Türkiye uzun bir süre Amerika'nın Ankara'yı sevmemesini John Bolton'un düşmanca politikasının bir sonucu olarak düşündü. Ancak Bolton'un gitmesiyle hiçbir şey değişmedi. Donald Trump'ın başkanlığının son yılında Erdoğan'ın ekibi, Washington'un Türkiye'ye F-35 savaş uçakları teslim etmek için bahane aradığı ve ABD seçimleri tamamlanana kadar sorunu çözmek için hiçbir şey yapılamayacağı kanaatine varmıştı. . Ancak seçim bitti ve Ankara'nın beklentilerinin aksine Biden iktidara geldi ve bir grup senatör, Demokrat ve Cumhuriyetçi’nin Türkiye'ye karşı ortak tavırı nedeniyle F-35 sorunu hâlâ çözülmüş değil.

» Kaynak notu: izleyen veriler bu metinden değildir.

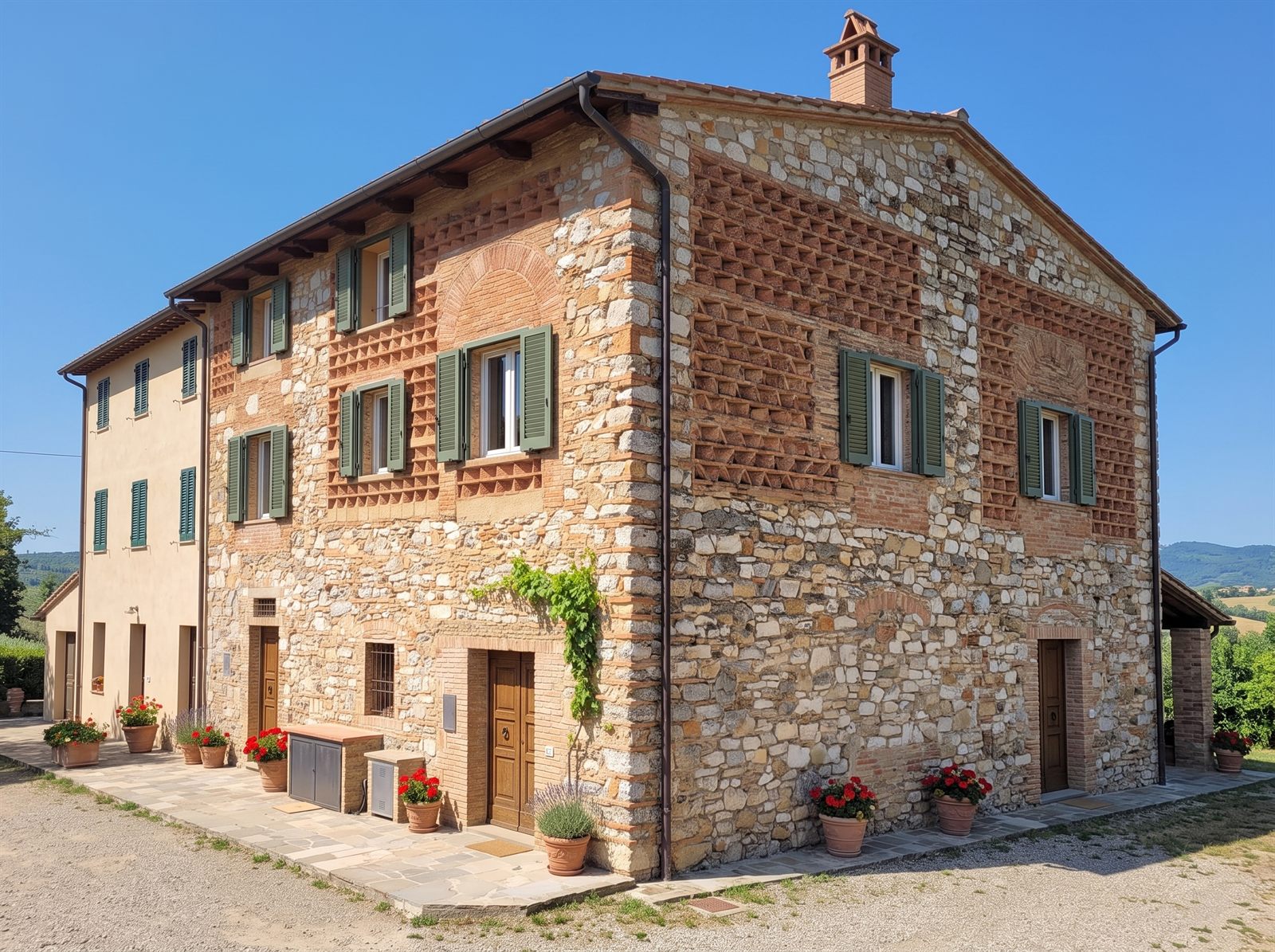 Prospetto laterale del casale restaurato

Birkaç hafta öncesine kadar Joe Biden'a "arkadaşım" diye hitap eden Erdoğan, ondan Türkiye'ye F-35’leri göndermesini bekliyordu. Nihayet bir süre sonra "1 milyar 400 milyon dolar ödeme yapmışız. Bu ne olacak? Bunların akıbetini görmemiz lazım. Biz elimizde bol para var da bunları etrafa saçan bir ülke değiliz. Bu paraları da kolay kolay kazanmadık, kazanmıyoruz. Ya uçaklarımızı verecekler ya da parayı verecekler." diyerek tavrını belli etti.

Şimdi durum daha da kötüleşti. Türkiye, ABD'ye F-35 yerine F-16 almayı teklif etmiş.

Bu durum Türkiye'nin ABD'ye karşı zayıflığını bariz şekilde gösteriyor ve deliller, durumun medyanın yansıttığından çok daha kötü olduğuna işaret ediyor.

Öte yandan Biden'ın Ankara Büyükelçiliğine aday gösterdiği eski Arizona Cumhuriyetçi Senatörü Jeff Flake, son günlerde ABD'nin Senato Dış İlişkiler Komitesi'nin onay oturumunda Türkiye hakkında yaptığı konuşma Türk basınında büyük yankı buldu.

Jeff Flake, Türkiye'nin gelecekte S-400 ve benzeri Rus silahlarını satın alması durumunda Washington'ın ek yaptırımlarına maruz kalacağını söylemişti.

Mevcut kanıtlar, ABD'nin Türkiye'ye yönelik tavrı ve baskısının, sırf Demokrat Parti ve Biden yönetiminin tutumu olmadığını ve Cumhuriyetçilerin de önemli bir bölümünün Ankara ile ilişkiler konusunda negatif bakış açısına sahip olduğunu gösteriyor.